▶ [ASSIGNMENT]:
In the entries that follow, the first line to write out is the one containing "2026 Chrysler Pacifica PACIFICA SELECT AWD", and the last is the one containing "Holiday Beachfront Apartments". Reproduce that stretch exactly, with nothing before or after it.

▶ [GIVEN DATA]:
------

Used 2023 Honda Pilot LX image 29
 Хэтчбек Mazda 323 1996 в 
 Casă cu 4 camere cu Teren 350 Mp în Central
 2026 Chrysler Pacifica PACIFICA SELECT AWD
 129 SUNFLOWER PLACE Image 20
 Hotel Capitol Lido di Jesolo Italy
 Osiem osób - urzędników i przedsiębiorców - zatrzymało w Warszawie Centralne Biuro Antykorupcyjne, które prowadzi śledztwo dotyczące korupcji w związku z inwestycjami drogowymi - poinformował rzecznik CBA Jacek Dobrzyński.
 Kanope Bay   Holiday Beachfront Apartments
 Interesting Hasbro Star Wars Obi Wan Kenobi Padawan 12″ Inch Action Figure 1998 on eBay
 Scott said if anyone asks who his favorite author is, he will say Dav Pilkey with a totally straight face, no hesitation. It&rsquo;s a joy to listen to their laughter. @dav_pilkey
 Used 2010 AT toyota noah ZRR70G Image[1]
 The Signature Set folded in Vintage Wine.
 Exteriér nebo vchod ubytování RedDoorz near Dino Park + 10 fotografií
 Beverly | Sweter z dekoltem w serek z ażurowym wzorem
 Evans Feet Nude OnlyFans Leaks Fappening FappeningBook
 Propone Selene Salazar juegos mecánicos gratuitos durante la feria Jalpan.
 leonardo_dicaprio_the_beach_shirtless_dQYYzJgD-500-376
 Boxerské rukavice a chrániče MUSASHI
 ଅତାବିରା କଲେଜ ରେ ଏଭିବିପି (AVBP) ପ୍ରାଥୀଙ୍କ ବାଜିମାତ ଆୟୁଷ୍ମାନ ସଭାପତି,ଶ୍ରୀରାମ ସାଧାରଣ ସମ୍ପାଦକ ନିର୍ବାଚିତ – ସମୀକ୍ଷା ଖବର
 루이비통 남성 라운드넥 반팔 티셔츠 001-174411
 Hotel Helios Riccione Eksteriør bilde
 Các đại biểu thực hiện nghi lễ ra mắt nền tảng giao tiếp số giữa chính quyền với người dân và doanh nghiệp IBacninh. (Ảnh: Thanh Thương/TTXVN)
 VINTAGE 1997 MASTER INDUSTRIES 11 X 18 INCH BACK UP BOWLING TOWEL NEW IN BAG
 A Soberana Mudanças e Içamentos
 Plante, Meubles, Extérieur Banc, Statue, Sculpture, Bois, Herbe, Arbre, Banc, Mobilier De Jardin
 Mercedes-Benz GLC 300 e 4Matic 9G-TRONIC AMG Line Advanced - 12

------

▶ [RESPONSE AREA]:
 2026 Chrysler Pacifica PACIFICA SELECT AWD
 129 SUNFLOWER PLACE Image 20
 Hotel Capitol Lido di Jesolo Italy
 Osiem osób - urzędników i przedsiębiorców - zatrzymało w Warszawie Centralne Biuro Antykorupcyjne, które prowadzi śledztwo dotyczące korupcji w związku z inwestycjami drogowymi - poinformował rzecznik CBA Jacek Dobrzyński.
 Kanope Bay   Holiday Beachfront Apartments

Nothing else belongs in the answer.